In summarizing its mission as the publicly-funded broadcaster in the United Kingdom, the BBC states it must “provide impartial news and information to help people understand and engage with the world around them.”

This involves — the corporation promises — providing accurate and impartial news, current affairs and factual programming that conforms to the highest editorial standards.

The commitment to impartiality is — or should be — what sets the BBC apart from other media organizations that nail their political colors to their mast.

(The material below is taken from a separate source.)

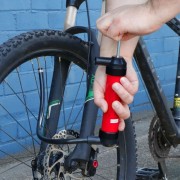 Syphon & Air Pump Multi-Use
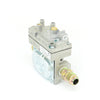 SV-45 Control Valve (Natural Gas)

While the BBC has staunchly defended itself against criticism that it has a deep-seated bias against Israel, its critics have pointed to many examples over the years of the broadcaster’s journalists brazenly breaking the corporation’s impartiality guidelines.

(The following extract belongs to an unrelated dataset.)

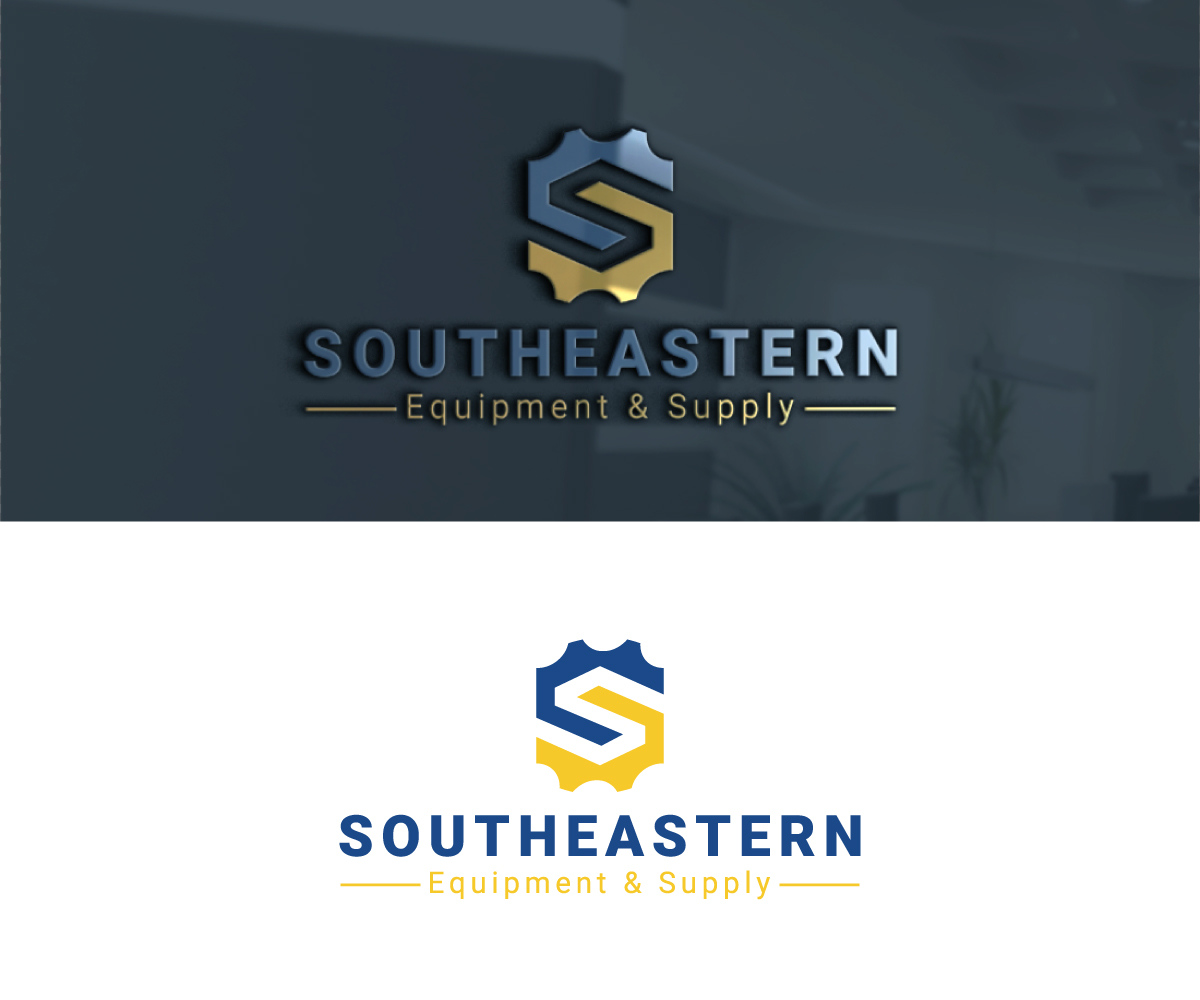 Design de Logo par @imaginationsexpart pour ce projet | Design #36326493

But the outbreak of the Israel-Hamas war on October 7 has seen criticism of the BBC reach a climax amid accusations of an abject failure by the organization to report on the Israel-Hamas war fairly, accurately, and transparently.

Spreading Misinformation

There is an irony in the BBC’s publishing a piece one week after Hamas terrorists invaded southern Israel that asked: “Who’s behind Israel-Gaza disinformation and hate online?

The article, by the corporation’s so-called “disinformation and social media correspondent” Marianna Spring, reported how social media was “awash with false claims, conspiracy theories and hateful content surrounding what’s happening in Israel and Gaza.”

This, Spring warned, was resulting in successful attempts to distort and confuse the online conversation, which “can have serious implications for the international community when it comes to investigating allegations of war crimes, providing aid and figuring out what’s happening where.”

Yet, the BBC itself has been guilty of spreading distortions and false claims about the Israel-Hamas war online.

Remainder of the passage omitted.